### WHAT THE TASK REQUIRES
Make the copy match the entries below exactly, with no pictures carried over.

START SOURCE INFORMATION

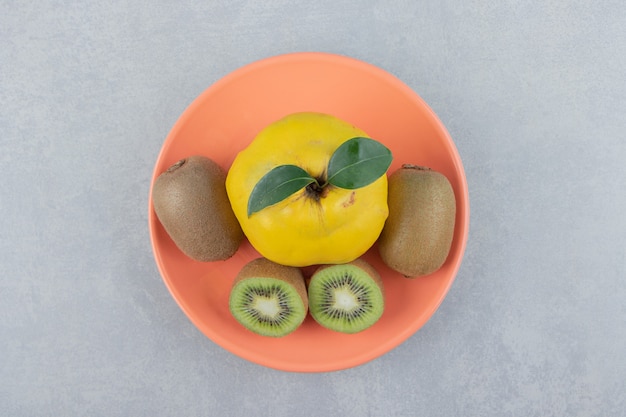 Quince and sliced kiwis on orange plate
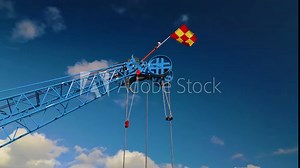 The pulley system of main boom tip sheave on the end of the jib of a blue luffing construction crane. Flag is billowing in the wind. Camera orbits in medium close-up.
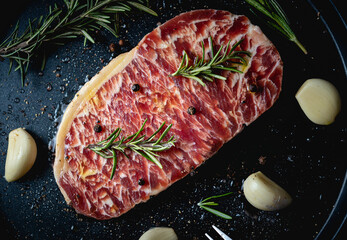 Raw fresh beef steak with olive oil, Colorful pepper, garlic and the rosemary leaf fresh on in the black tray on the wooden table, Top view.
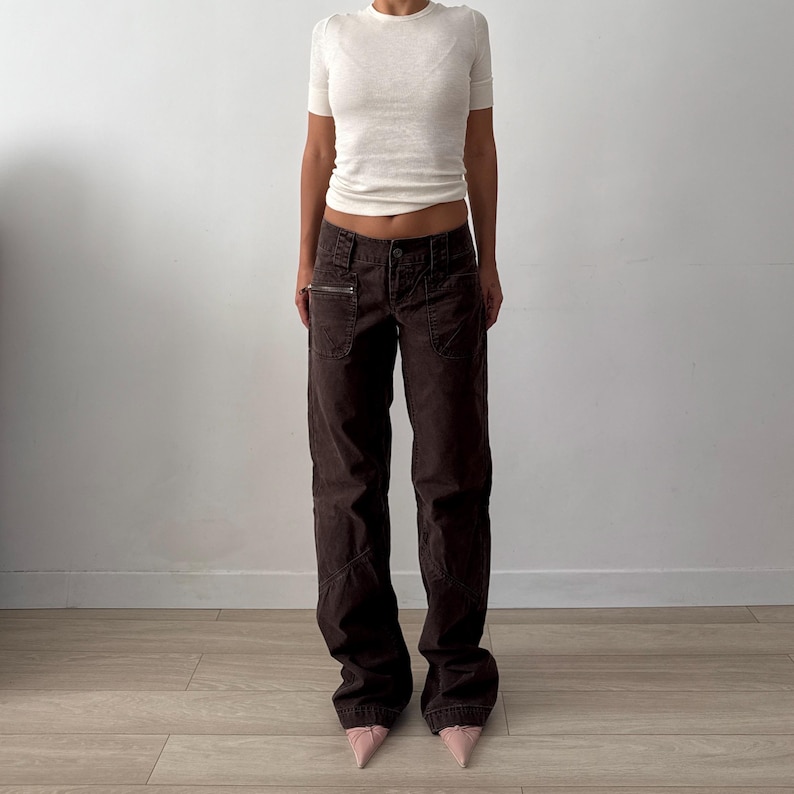 May include: A short-sleeved white crew neck t-shirt paired with dark brown low-rise cargo pants. The pants feature a button closure, belt loops, and a zippered pocket on the right side. The outfit is completed with light pink pointed-toe shoes.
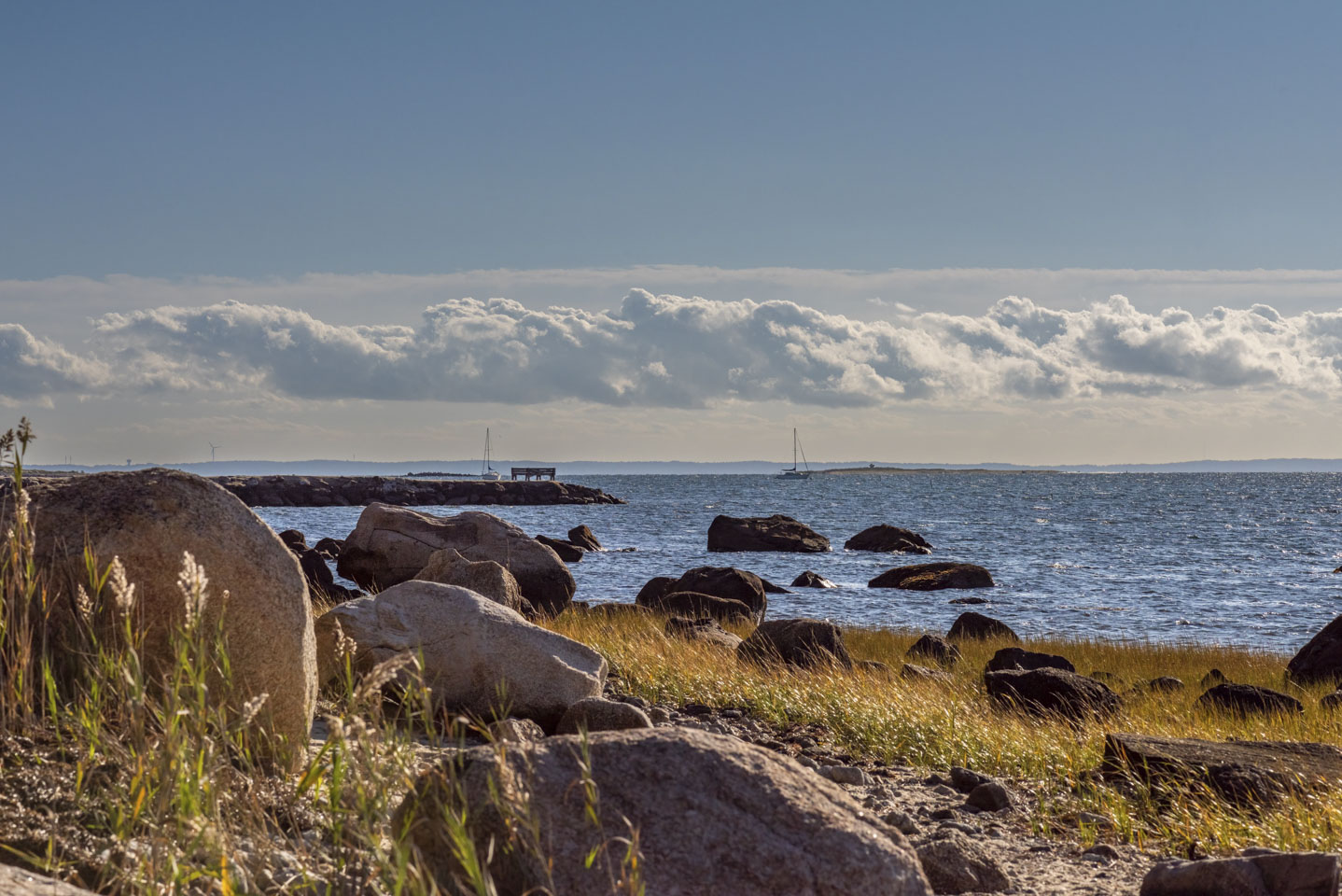 Rocky shore in the foreground with water and a couple of sailboats.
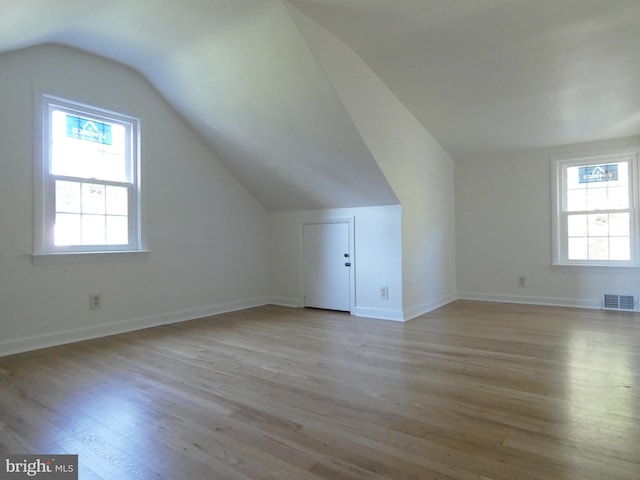 additional living space with plenty of natural light, lofted ceiling, and light wood-type flooring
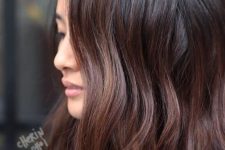 wavy and textural cold brew hair with burgundy touches and tips for a more dimensional and bold look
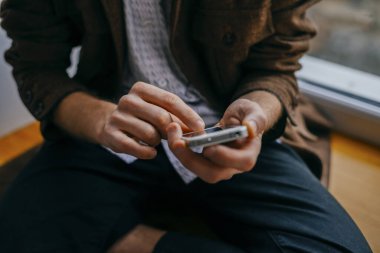 Genç adam cep telefonundan numara çeviriyor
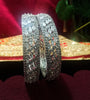 B0158_Elegant design silver crafted bangle studded with American Diamond stones.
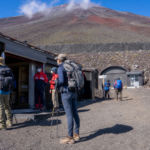 Prepared hikers checking a mountain support station on Mt. Fuji for a 2026 first-aid facilities update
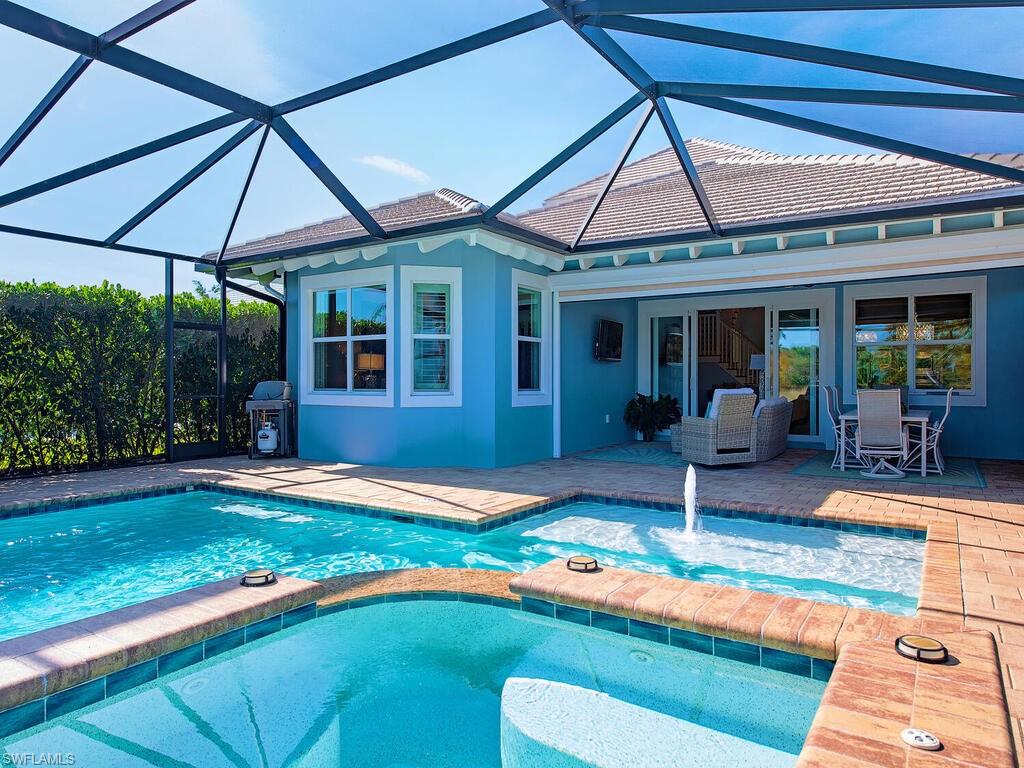 6482 Warwick Avenue Naples, FL 34113 - Photo 26 of 50 a patio with a table and chairs under an umbrella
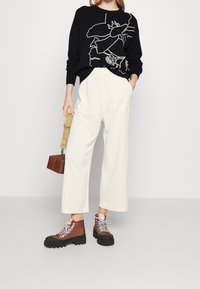 Kobieta w czarnym swetrze z dużym białym wzorem kwiatu, w jasnych szerokich spodniach, brązowych butach za kostkę, trzymająca małą brązową torbę z beżowym paskiem.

END SOURCE INFORMATION

### SOLUTION TO THE PROBLEM
 Quince and sliced kiwis on orange plate
 The pulley system of main boom tip sheave on the end of the jib of a blue luffing construction crane. Flag is billowing in the wind. Camera orbits in medium close-up.
 Raw fresh beef steak with olive oil, Colorful pepper, garlic and the rosemary leaf fresh on in the black tray on the wooden table, Top view.
 May include: A short-sleeved white crew neck t-shirt paired with dark brown low-rise cargo pants. The pants feature a button closure, belt loops, and a zippered pocket on the right side. The outfit is completed with light pink pointed-toe shoes.
 Rocky shore in the foreground with water and a couple of sailboats.
 additional living space with plenty of natural light, lofted ceiling, and light wood-type flooring
 wavy and textural cold brew hair with burgundy touches and tips for a more dimensional and bold look
 Genç adam cep telefonundan numara çeviriyor
 B0158_Elegant design silver crafted bangle studded with American Diamond stones.
 Prepared hikers checking a mountain support station on Mt. Fuji for a 2026 first-aid facilities update
 6482 Warwick Avenue Naples, FL 34113 - Photo 26 of 50 a patio with a table and chairs under an umbrella
 Kobieta w czarnym swetrze z dużym białym wzorem kwiatu, w jasnych szerokich spodniach, brązowych butach za kostkę, trzymająca małą brązową torbę z beżowym paskiem.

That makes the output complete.